**Aim of the exercise**: Leave the pictures out. Return the rest of the listing below exactly.

**Given material**:

________

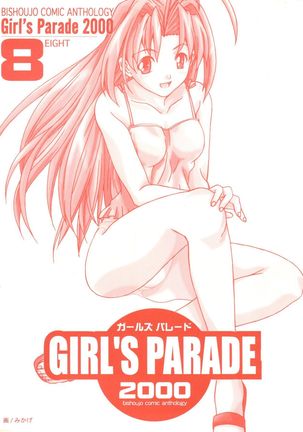 Girl's Parade 2000 8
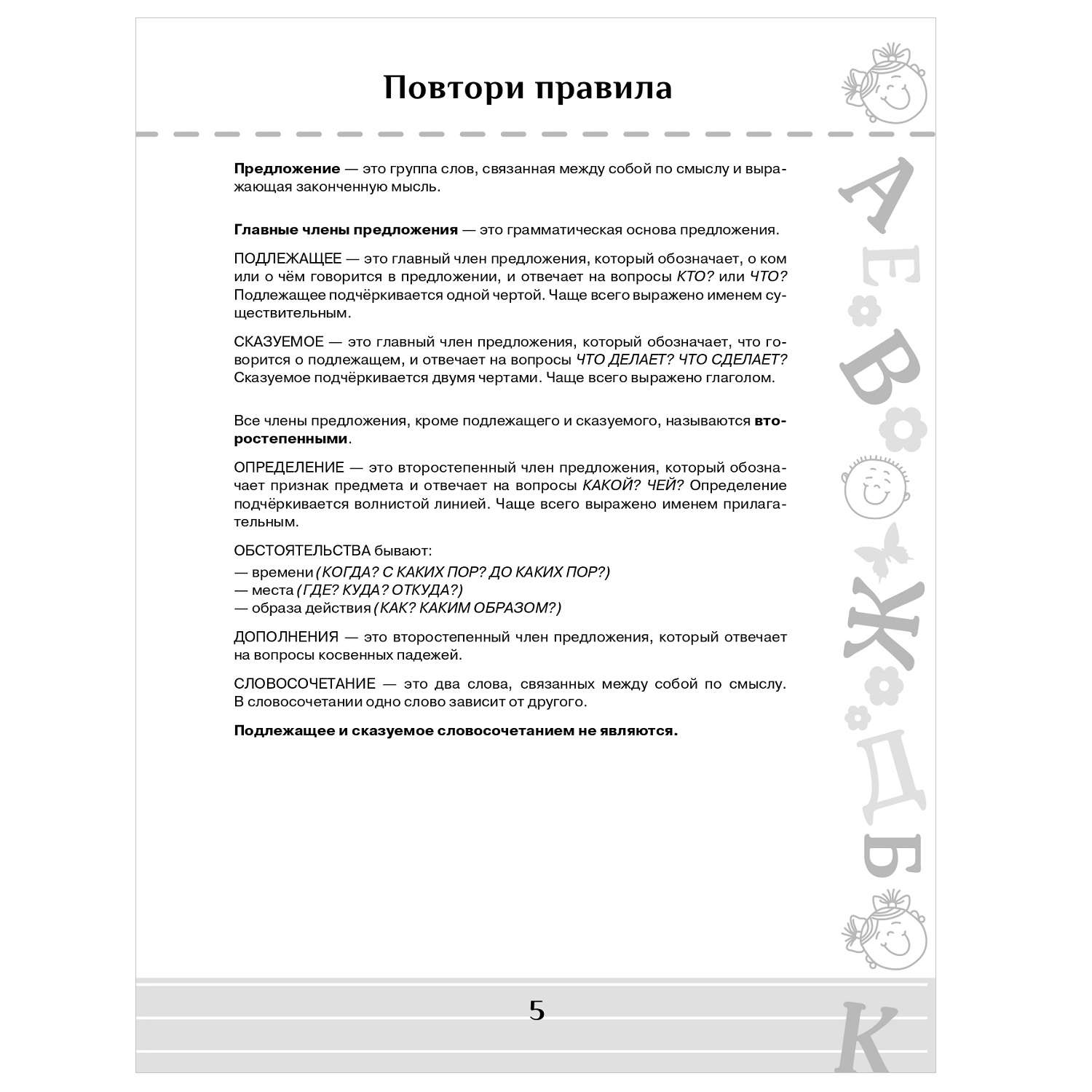 Книга АСТ Повтори летом Русский язык Полезные и увлекательные задания  4класс купить по цене 75 ₽ в интернет-магазине Детский мир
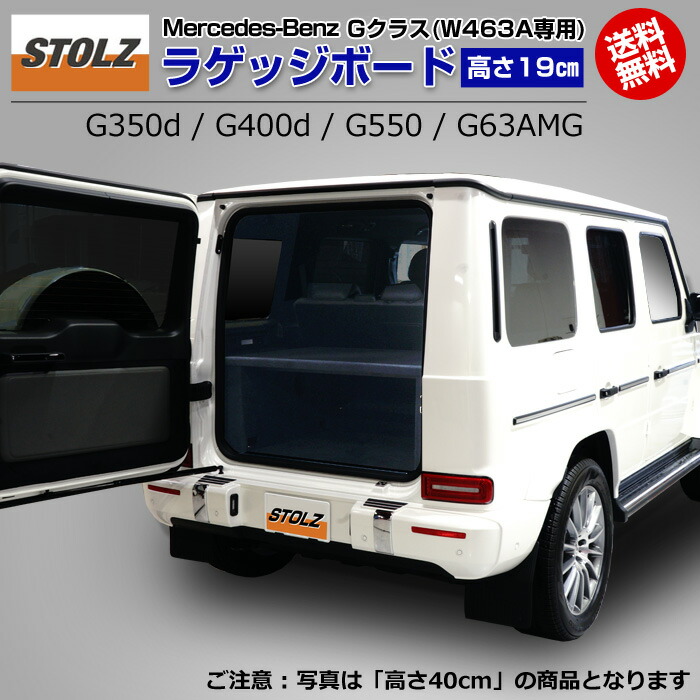 Gクラス ゲレンデ w463a ラゲッジボード フルフラット Amazon | 有明ガレージ Gクラス ラゲッジボード ラゲッジトレイ
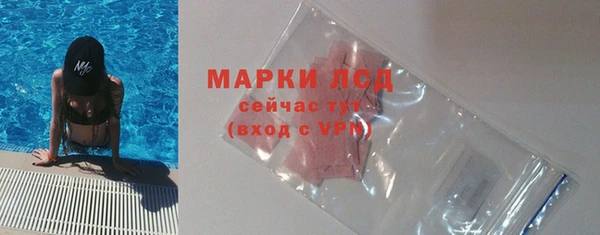 винт Абдулино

________

**Output of the exercise**:
 Girl's Parade 2000 8
 Книга АСТ Повтори летом Русский язык Полезные и увлекательные задания  4класс купить по цене 75 ₽ в интернет-магазине Детский мир
 Gクラス ゲレンデ w463a ラゲッジボード フルフラット Amazon | 有明ガレージ Gクラス ラゲッジボード ラゲッジトレイ
 винт Абдулино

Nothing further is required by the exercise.